マトフェイ1:1-25 2023/12/31 大阪教会
ハリストス生まる!
系図は普通、自分の家柄を自慢するために作られますが、本日読み上げられたイイススに至るこの系図は、イスラエル民族の悲惨な歴史、消すことのできない罪の汚点を浮き彫りにします。この系図は骨肉の争い、悲惨な殺し合い、あざむき、男女の愛憎の葛藤、神への背き…の歴史、深め続けられた罪の歴史そのものです。みなさんは、最後に呼ばれるイイススの名をどんな思いでお聞きになったでしょうか。
私たち一人一人の人生にも歴史があります。できることならば消し去ってしまいたいあやまちがいくつもありました。人を侮り辱めたこと、人の心をもてあそんだこと、卑怯な振る舞いで仲間を裏切ったこと、酷い言葉を投げつけて、ぬぐい去れない深い心の痛手を、小さな者たち、自分より弱い立場の人たち、また家族にさえ負わせたこと、盗んだこと、…それらのたくさんのあやまちによって、私たちは自分自身にも数え切れないほどの傷をつけてしまっています。そこには浅い傷、深い傷、骨まで砕いてしまうような深刻な傷もあるでしょう。私たちはその傷の痛みに苦しみ、あえぎ続けてきました。
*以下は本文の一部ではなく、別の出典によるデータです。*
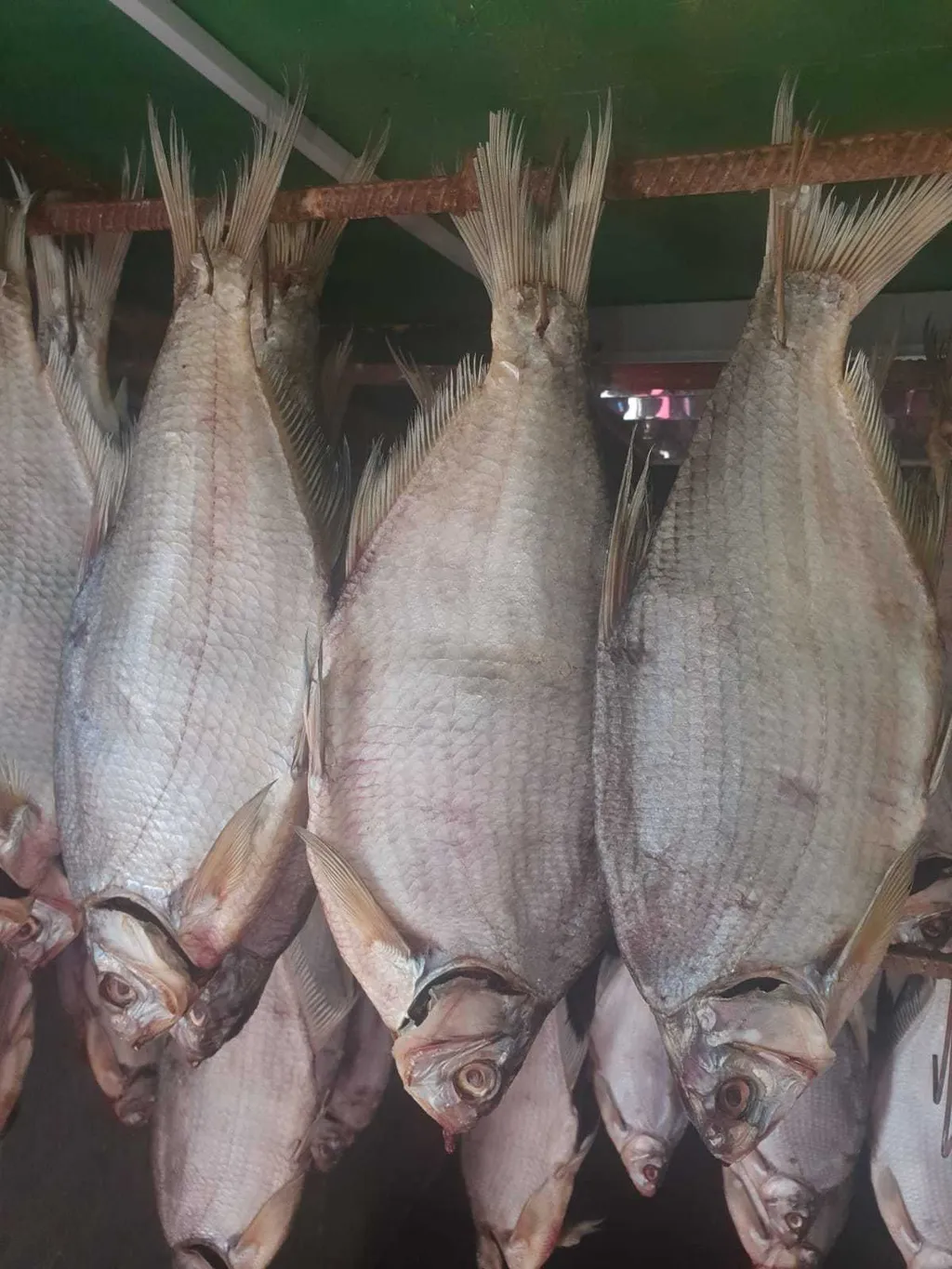 рыба вяленая от производителя  в Ростове-на-Дону и Ростовской области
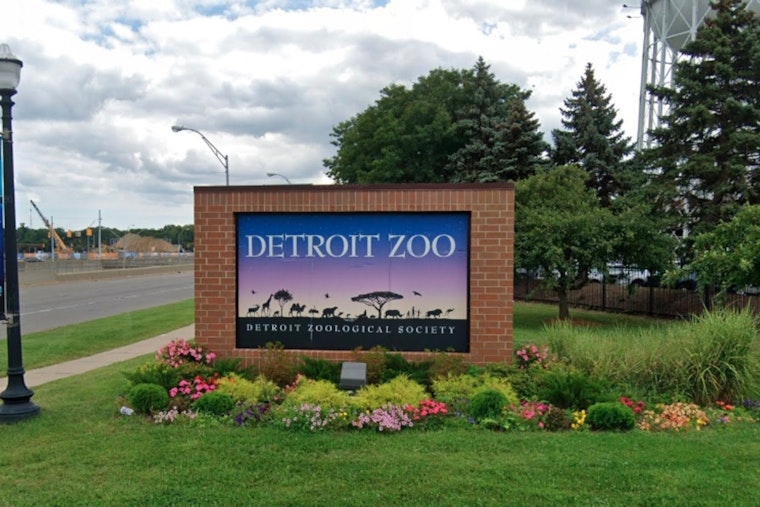 Detroit Zoo Bids Farewell to Beloved Bactrian Camel Rusty After 16 Years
叫び出したいくらいです。
そういう私たちがイイススというお方と始めてほんとうの意味で出会う時、…すなわち、アダムとエヴァ以来の罪の歴史、その系図の末尾にその名を置かれたイイススその人が、むち打たれ太い釘で貼り付けにされ、血まみれになって十字架にかけられているのを見上げる時、私たちが見るのは決して私たちの「代わりに」苦しんでくださっているイイススではありません。私たちが自ら傷つけた傷を、ご自身は少しも罪がないにもかかわらず、ご自身の傷として分かちあってくださり、私たちの苦しみを一緒に苦しんでくださる、そのために「人となった」神です。それは逆にこうも言えるのです。傷だらけの私自身が、神であるのに人の姿に身を落とされたイイススに受けとられ、さらにイイススご自身とともに、そこに釘付けられているのです。イイススとともに死ぬために。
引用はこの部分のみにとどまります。